Your b.smithi just looks like mine does as stated earlier on its just not feeding due to molt so it ain't going to look bloated as such try and change its prey item mine will eat large locusts but won't touch a cricket then a few months down the line it's vice versa


----------



## Adam B Jones (Jan 17, 2011)

Just for the record I've had female T's that have drummed for no apparent reason; no mm's in the room, nothing going on at all. Obviously there will be a reason, perhaps a particular vibration has coincidentally triggered it. I've had it a few times with different species, surprised nobody else has mentioned this as I assumed others would have noticed this too?

I do remember one time when there was a definite trigger with a GBB when the inside edge of my tweezers scraped the plastic tank edge for whatever reason (sounded a bit like rubbing your finger along the edge of a comb), and I got a hearty drumming response. Felt a bit guilty for leading her on...


----------



## thegolferful (Sep 29, 2016)

Well we're no different as of yet, still won't eat 
Locust, cricket and wax works
Just keeping well hydrated and keep an eye on her


----------



## PeterUK (Jun 21, 2008)

thegolferful said:


> Well we're no different as of yet, still won't eat
> Locust, cricket and wax works
> Just keeping well hydrated and keep an eye on her


Not eating 3 months isnt something i would worry about in the slightest.

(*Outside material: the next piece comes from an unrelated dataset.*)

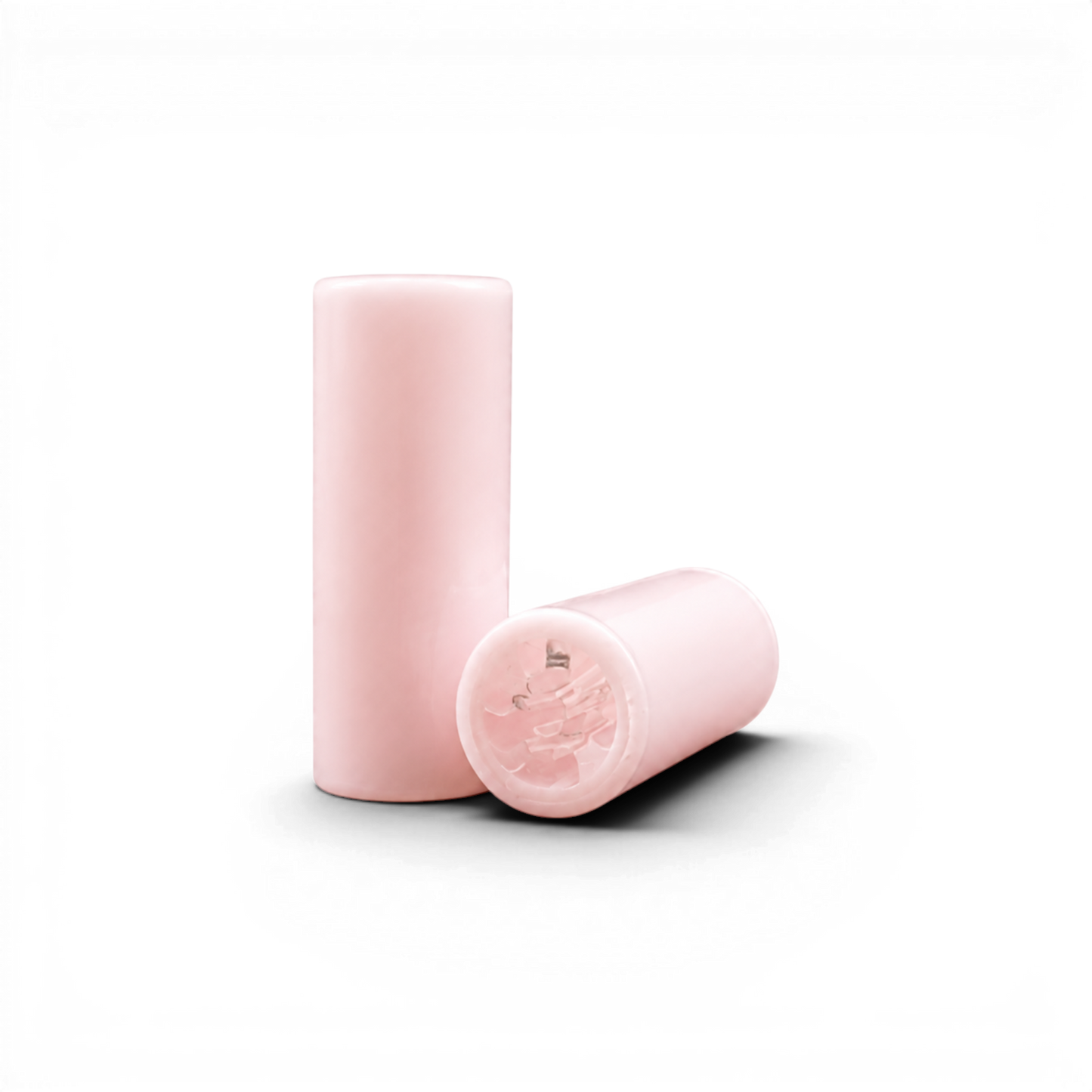 Glas Tip 12 mm 7 Loch Milky Pink aus Glas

What you could do is put her somewhere cooler than she is usually kept to simulate a seasonal temperature drop (even move her to a lower shelf in the same room may be enough) until Jan or Feb and then raise her up again. 
I would be very surprised if she didnt eat after that : victory:


----------



## thegolferful (Sep 29, 2016)

Little update, still not eating, this is what it does when it has the chance to


https://vimeo.com/196979075


----------



## thegolferful (Sep 29, 2016)

So it's been just under 5 months, it's taken a cricket and doing the Im eating dance of laying silk!!
Well over two years since last molt so I reckon that will be her done untill she brings out some fresh colours!


----------